Where to begin? I learned so much, and really wanted to stay several more days to explore the modern side of town, the water, the beautiful park that we only managed to stroll part of, and speak to more pilgrims. A funny observation about the people is that it is not common, at least in my European travels, to see shorts and casual clothing on the people strolling about, and here, because of the pilgrims, I suspect, there was a lot of that. And, as you would expect, plenty of pilgrims with backpacks and walking sticks!
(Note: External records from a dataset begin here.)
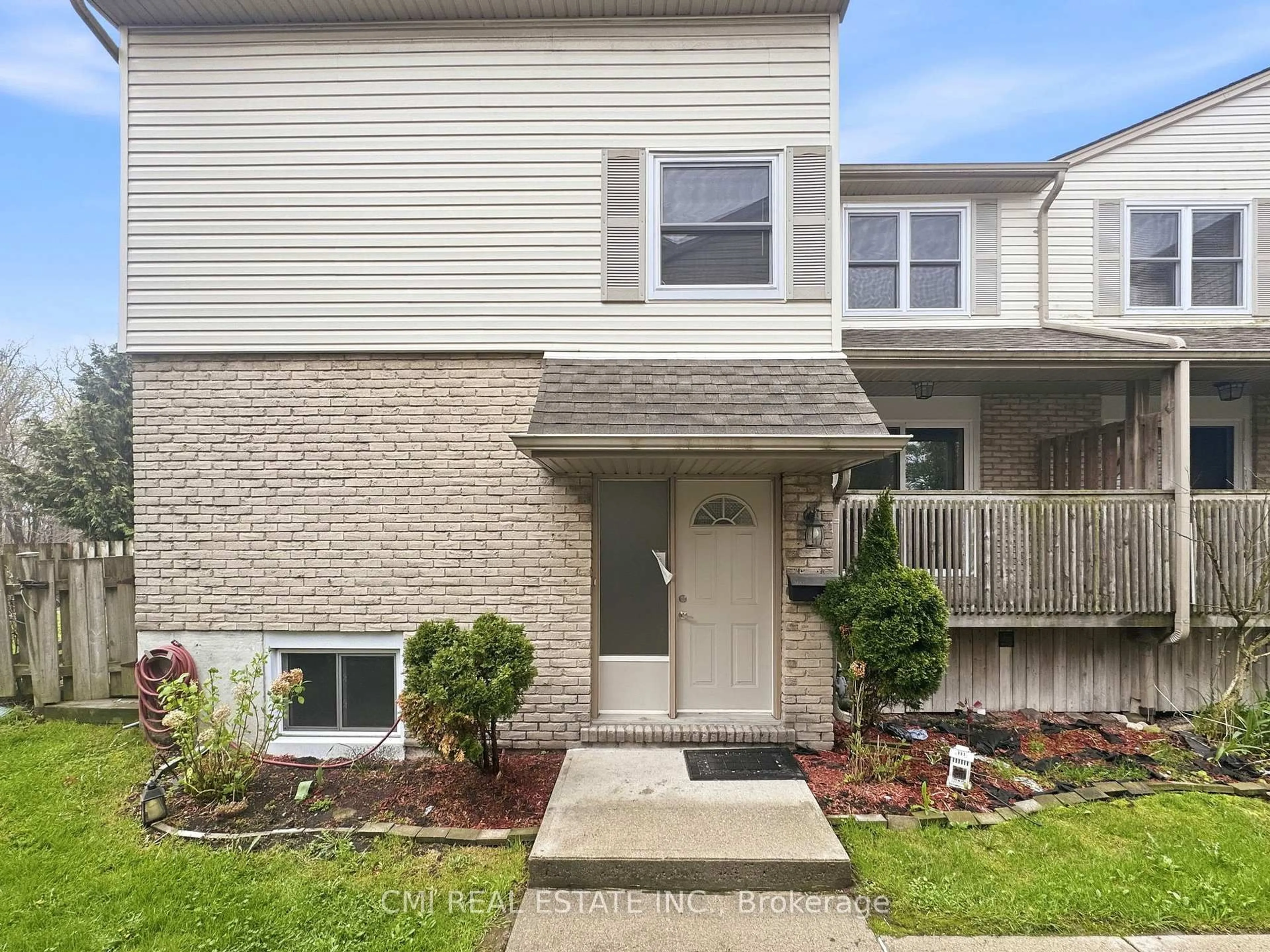 Unknown for 1300 Upper Ottawa St #44, Hamilton Ontario L8W 1M8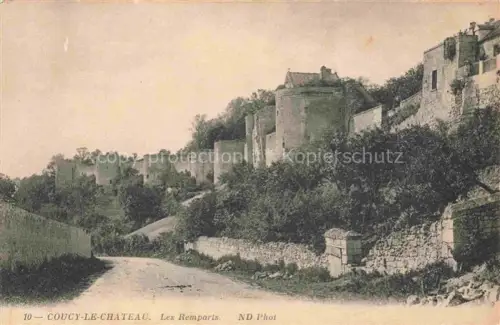AK / Ansichtskarte Coucy-le-Chateau-Auffrique 02 Aisne Les Remparts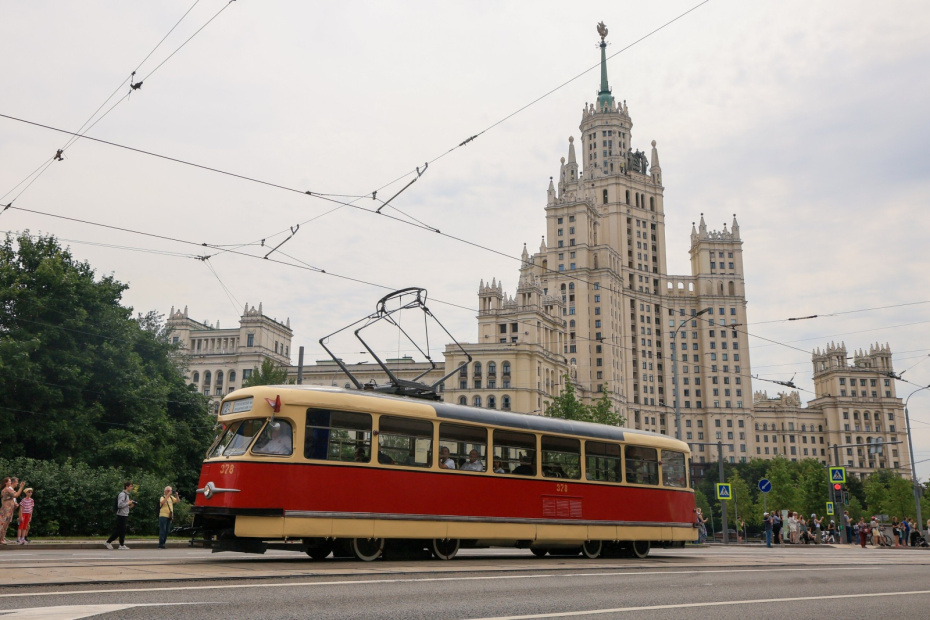 Парад ретротранспорта в Москве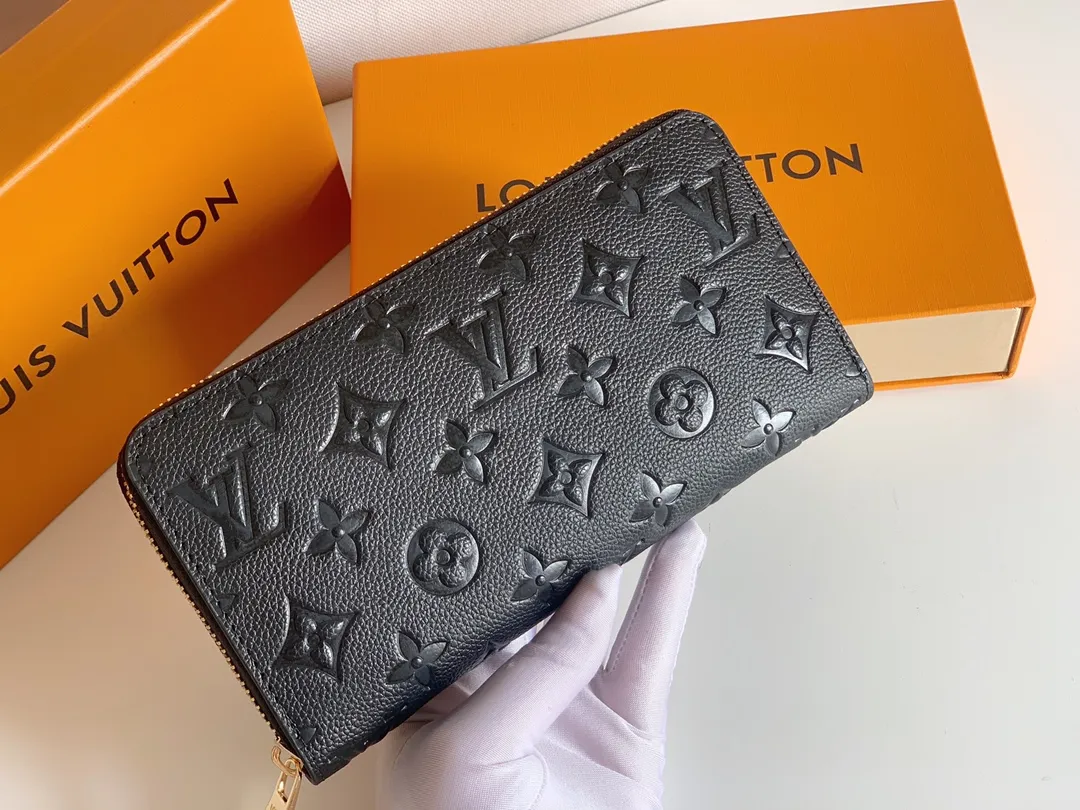 💰120 💎Upgraded original version 🇫🇷 Diamond pattern embossed material: embossed cowhide Introduction: 📢There are 8 credit card slots 3 large compartments to store banknotes Small zipper coin bag 3 flat bags to store bills 💋💋 Model: 60017 diamond pattern Model: 19x10.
You’ll find many articles online about the pilgrims, the camino (the pilgrimage way), the city and more. While there are many personal blogs written during and after individual pilgrimages that speak to each person’s experience, I think that the spirituality inherent in the location is often lost to those reading and certainly being a tourist there. The small old town is so filled with people and movement, and history to think about, that it is easy to forget that this is a final destination for thousands of people over thousands of years who took a very long walk upon themselves to learn something. Whether they wanted to learn to know God or themselves, those who got to the front of the cathedral, knelt upon the ground in front of it to celebrate in their hearts, achieved something many more thousands of us never will — and that is what I found very moving. There was so much evidence of the pilgrim as a “sight” to see on a tourist’s agenda, that I think many people forgot to appreciate this moment that was happening all around us.
First a bit about the Parador where we stayed for two nights – didn’t I mention it was too short a stay!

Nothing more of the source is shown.